§ **DESCRIPTION OF THE TASK**:
Reproduce the lines below exactly. Begin with the first, end with the line containing "This is the", and leave out the pictures.

§ **THE DATA**:
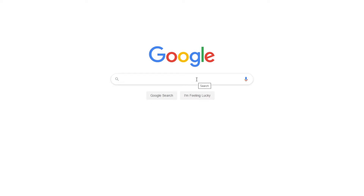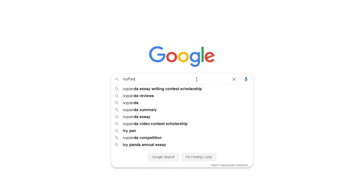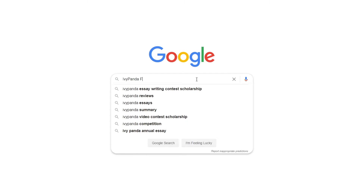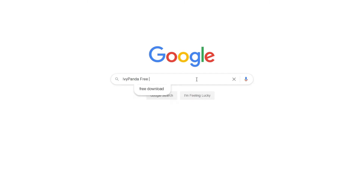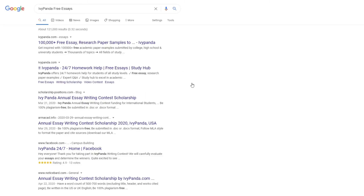This essay example, as well as thousands of others, is available in text format on our website for free and without registration. Simply Google Ivy Panda Free Essays.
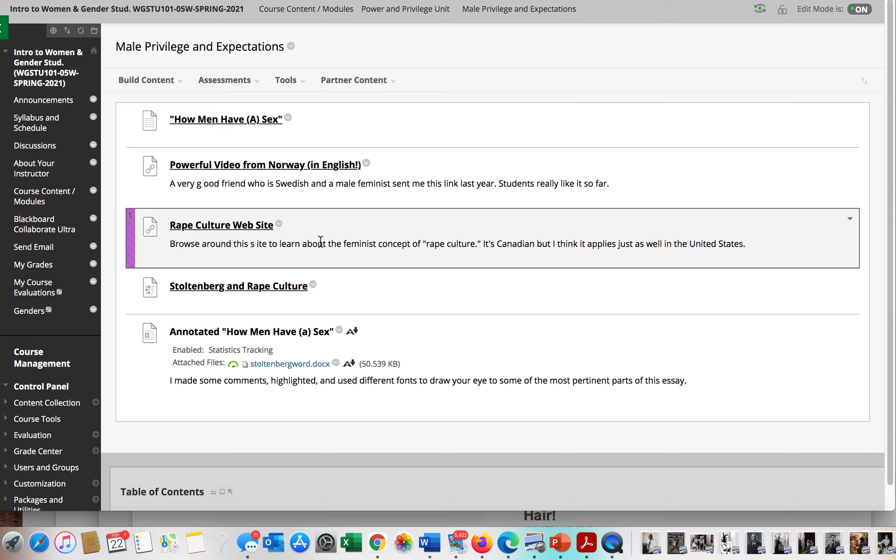This is the library version of how men have a sex, two three-minute videos, actually this is a website, a quiz, and also an annotated version of the document.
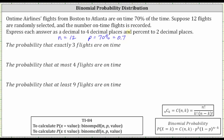In this video, we will only be using the TI-84 to determine the probabilities. The first probability is the probability that exactly three flights are on time, which is the probability that the random variable X is equal to three. Because our probability is P(X=3), we will be using the binomial PDF function on the TI-84, not the binomial CDF function.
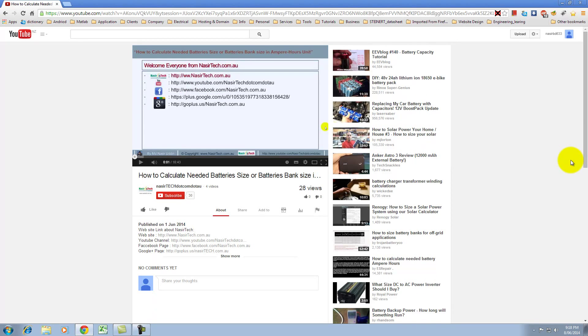Hello everyone from NasirTech.com.au. Today I will show you how to turn on or turn off safety mode on YouTube. This option provides appropriate browsing mode for children.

§ **SOLUTION TO THIS EXERCISE**:
This essay example, as well as thousands of others, is available in text format on our website for free and without registration. Simply Google Ivy Panda Free Essays.
This is the library version of how men have a sex, two three-minute videos, actually this is a website, a quiz, and also an annotated version of the document.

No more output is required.